Durmuş ARDA- Geçenlerde genç gazeteci Aydın Osman ile Kırcaali parkındaki bankların birisinde oturmuş sohbet ediyoruz. Bizden birkaç metre uzaktaki bankta ise, Türk asıllı iki genç anne oturuyor, kadınlardan birisinin eşi de yanında, kadınların yeni bisiklet sürmesini öğrenen 4-5 yaşlarında birer erkek çocukları var ve ortalıkta oynuyorlar.
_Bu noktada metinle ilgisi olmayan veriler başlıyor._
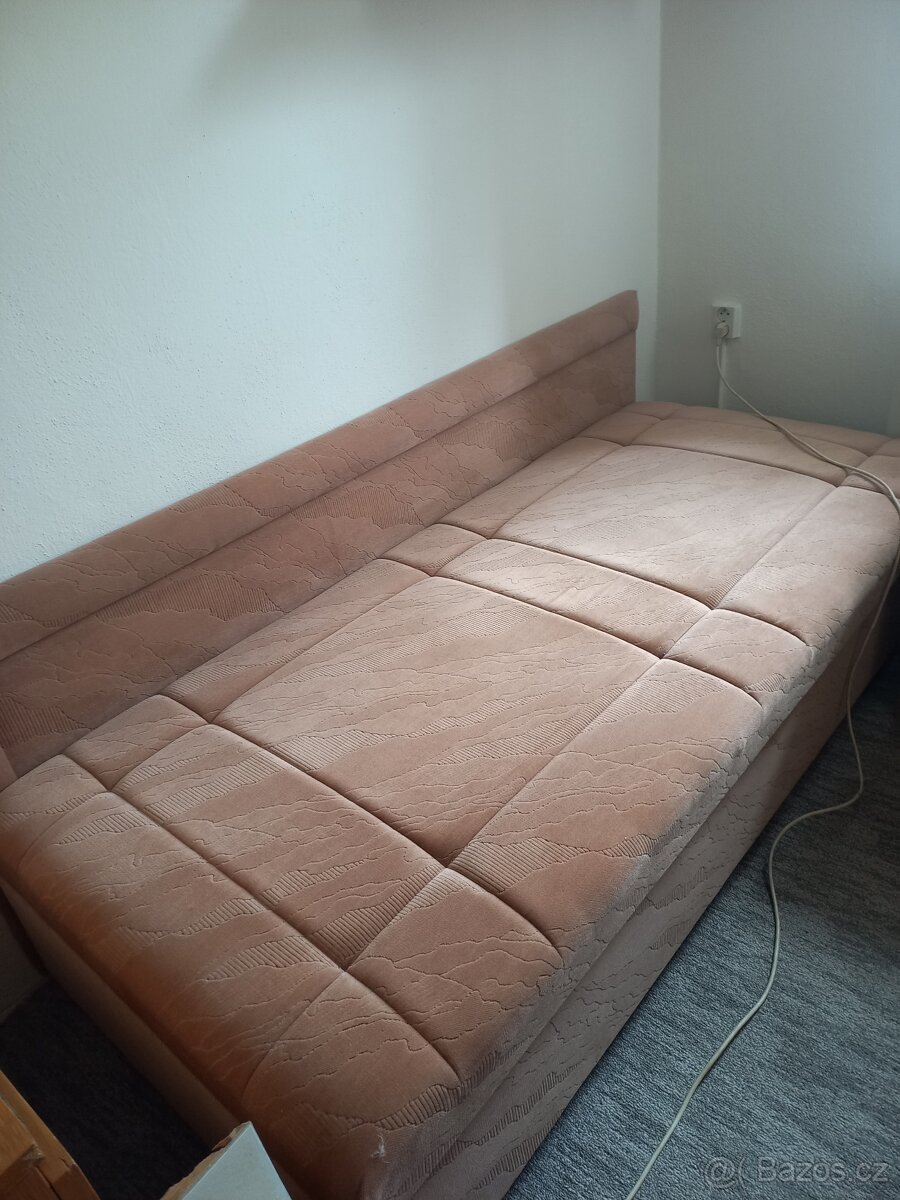 Gauče za odvoz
Genç annelerin ikisi de çocuklarıyla hiç Türkçe konuşmuyor; çocuklarına, “Berkayço mamo…”, “Berkço mamo…” (“mamo”, bu olayda anneciğim anlamındadır) vs. diye sesleniyorlar. Çocuklar da annelerinden Türkçe kelime duymadıkları için, Türkçe konuşamıyorlar doğal olarak… “Berkayço” nun babasının orada olmadığı için bilemiyoruz, fakat hakkını yemeyelim “Berkço” nun babası, ara sıra kendisiyle Türkçe kelimeler kullanarak konuşuyor.
Bu neyin sonucudur? Bu Kırcaali’de yıllardır Türkçe eğitim verilmemesinin sonucudur. Bu asimilasyonun çeşitli versiyonlarla devam ettirildiğinin bir göstergesidir.
Oysa Kırcaali ve bölgesi, yıllardır HÖH/D(P)S yönetimindedir.
İçimden, “HÖH/D(P)S yöneticilerinin anneleri de küçükken kendilerine ‘Mamo’ diye mi seslenmişlerdir de Türkçe konusunda bu kadar duyarsızlar?” diye soruyorum. Yine içimden, “Kırcaali belediye başkanı Hasan Aziz’in annesinin kendisine,’Hasanço mamo!’ diye seslenmiş olabileceği olasılığı çok yüksek” diye düşünüyorum. Ya Cebel belediye başkanı ve aynı zamanda HÖH/D(P)S Kırcaali il başkanı olan Bahri Ömer’e ne demeli? Bahri Ömer’in hiç böyle bir annesi olabileceği olasılığını aklımdan bile geçirmiyorum.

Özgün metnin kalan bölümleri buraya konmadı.